伝説或いは神話と化物の夜
月が今雲に隠れて、うっすらとした光が雲に残る。酷く寒い10月末の夜だ。チェ・ブラックの煙が宙に溶けて消えていくように溶けて消えた幾つもの思い出を、燃やしながら呼吸をして、呼吸を辞めない事がもう難しい所まで、俺は来た。雲が晴れ、月が全き姿を現して煌々と輝いている。闇の中の月。俺の汚い魂を星座にしてくれ。
「勇敢な彗星とは言いませんよね?」と奴が言った時、俺は「勇敢な彗星とは言うよ」と言った。今日、あいつは命を燃やして歌ったんだ。拳を握り締めていた。伝説に、神話になりたいんだ。あいつと伝説に、神話になりたいんだ。俺一人生きるなら、飯食って寝てクソしてたまにシコってそれでいいんだ。毎日人間のコスプレをして、ハロウィンだけ化け物に戻っても良かったんだ。背負った業と恩の為に、俺は化け物のままで世界一獲ったってノーベル賞なんか獲ったって、全然足りねえ。何も償う事は出来ないし、恩を返す事は出来ない。全然足りねえんだよ。こんなもんじゃない。こんなもんじゃない、こんなもんじゃない、こんなもんじゃない、こんなもんじゃねえ!!
文字通り血反吐吐きながら戦って来たよ。鬱になって、家族の涙や、クラスメイトの手紙や涙や、担任が責任取って剃った髪や、師匠の心の激痛を啜って生きて来たよ。発狂して頭おかしくなって、人の心を殺してまで仮初めの夢の中で夢遊病を演じて来たよ。
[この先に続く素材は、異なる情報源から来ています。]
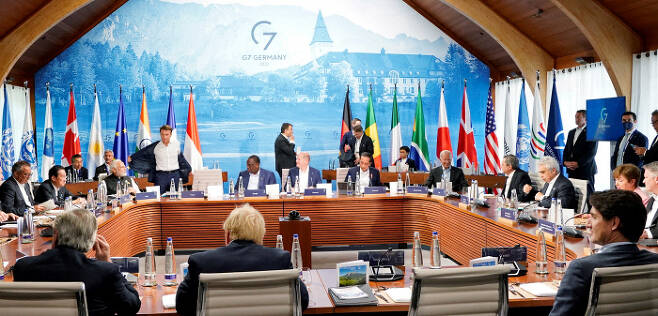 주요 7개국(G7) 정상들이 정상회의 이틀째인 지난 27일(현지시간) 독일 엘마우의 호텔에서 오찬을 하고 있다. 엘마우 | 로이터연합뉴스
月が輝いている。暗夜を照らしている。幻覚で俺の時空が歪んだって、原子爆弾1万5000発炸裂したって滅びないものがある。あの瞬間俺は「戦いたいな」と言ったんだ。思えばいつ死んでもおかしくないんだ。それでも生きたいと思う理由があるんだよ。黎明を迎えた時に、黎明を迎えた時に、この月の光と星座は搔き消える。それで良いから、俺の汚れた命を、暗夜を照らす星座に、してくれよ。